Even their presence on the sets, working in fields not traditionally marked for women, becomes a statement. On one wall, you see paintings of 30 more women engaged in jobs stereotyped as men’s jobs—the work of artist Sreeja Pallam.
“All these women are real women she met. Many of them took up these jobs not tailored for them because of the need to support the family,” Vali says, linking financial independence to aspects of gender disparity and bias. She explains how the same biases seen in society are mirrored in cinema, a conversation that goes back and forth when one medium becomes a representation of the other.
This idea clearly manifests in Anjana’s exhibit Oru Chayakkada Scene (A Tea Shop Scene), which is perhaps the most alluring image in the gallery.
At the centre of the exhibit is a simple but very telling image of a group of women in a tea shop—workers relaxing with a cup of tea, sharing a laugh. It becomes remarkable only because of the rarity of such a picture—something as simple as taking a break from work to sit around a table at the local tea shop is, sadly, still too rare for working-class women. Like petals growing out of the image are scores of snapshots of ‘chayakkada’ scenes from Malayalam films through the ages, every single one showing only men in action. Anjana had worked on the central image as part of her project at the National Institute of Design; the snapshots of men’s pictures, surrounding it, were added as part of the exhibition.
In a small video of their interaction, made for the project, the women appear overjoyed by this simple act of pleasure. One of the women is Anjana’s mother, Ajitha. Among the others is one who had never been to the cinema after her marriage decades ago, and another who found it so difficult to enjoy herself, so unused was she to the idea of entertainment.

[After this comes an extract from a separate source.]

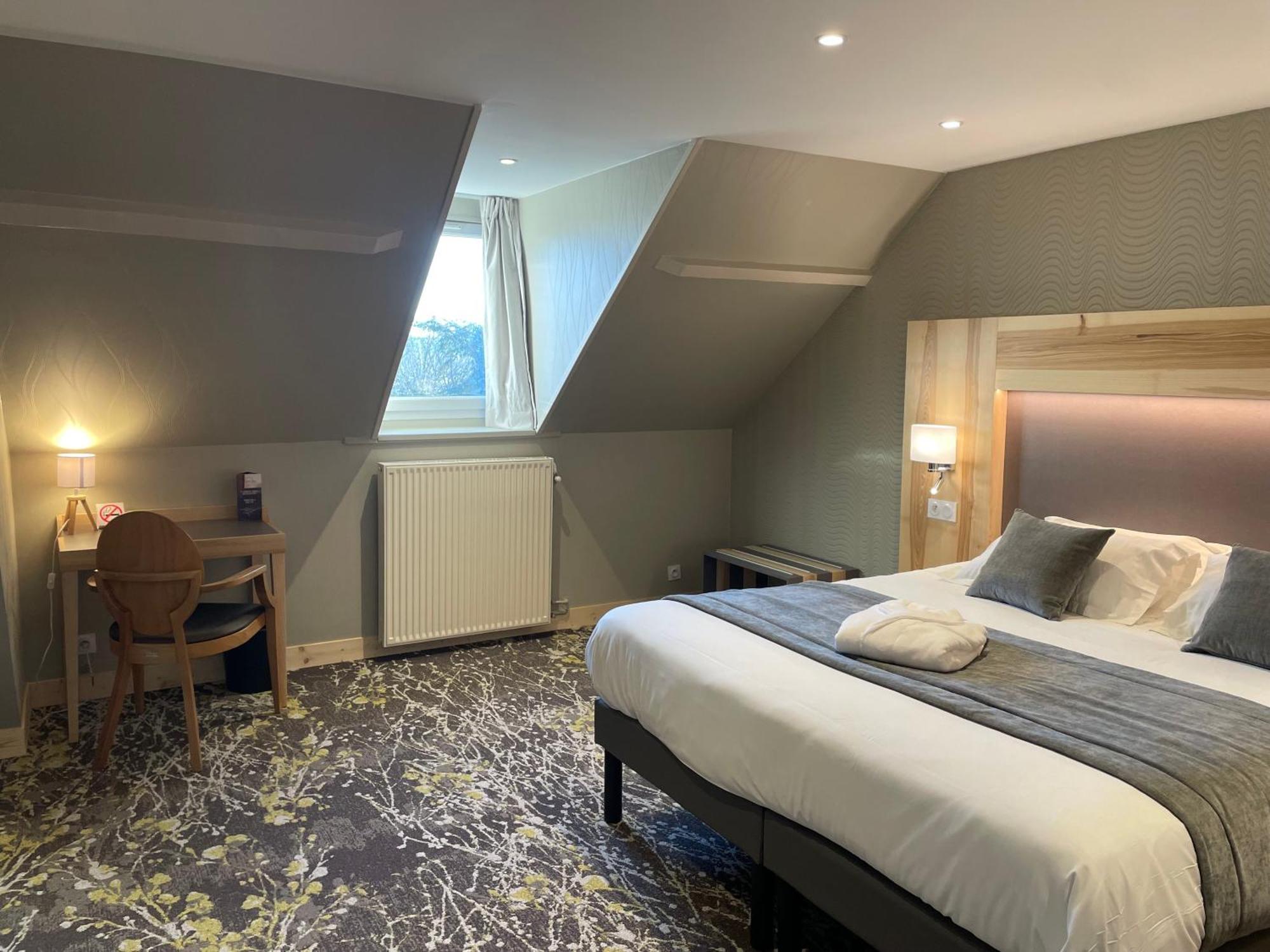 Hotel Le Cercle Cherbourg-en-Cotentin Buitenkant foto
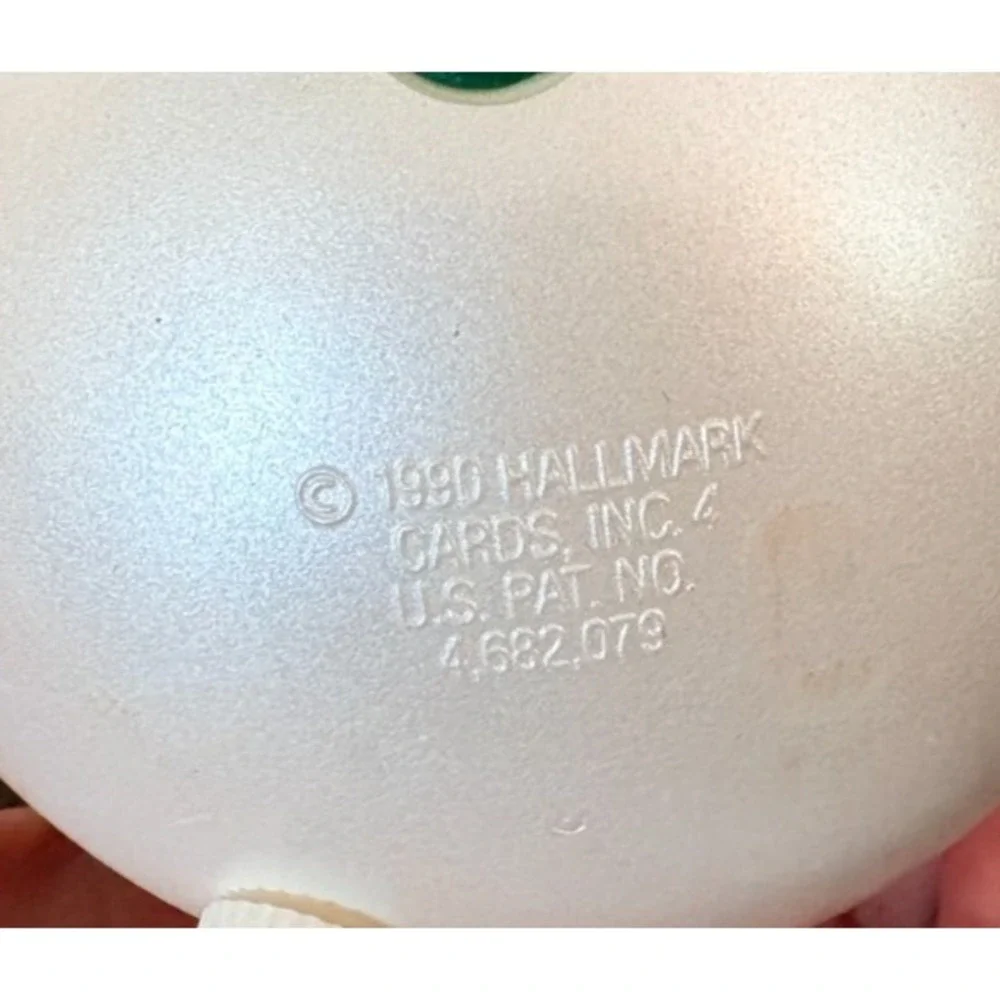 1990 Hallmark Ornament Mrs. Santa's Kitchen Magic Light & Motion Untested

Vali extends these thoughts to the topic of abuse, saying how many women do not realise that there is an alternative—not only for jobs but for the life they lead. They do not know, she says, that they can leave an abuser and that this is not how they should be treated. She put out a video installation in collaboration with others, jotting down cliché lines that women often hear from an abuser: “Look what you made me do,” “I didn't want to hit you; you made me do it.” Anjana, Meera, and Vali laughed together when they realised they’d all heard variations of these same lines, until they realised it was not funny; it was scary how the workings of abuse could be so universal.
Flickering across a screen in the midst of it all are the two words: “adjustment” and “compromise.” These words repeat throughout the statements of women in the Hema Committee report—when they were asked to ‘compromise’ or ‘adjust’ in exchange for an opportunity to work. They are words also familiar to women around the world, entering new relationships, making commitments—words that are never about the peace they promise but the depths you are willing to lower yourself into.
The exhibition will end on February 8.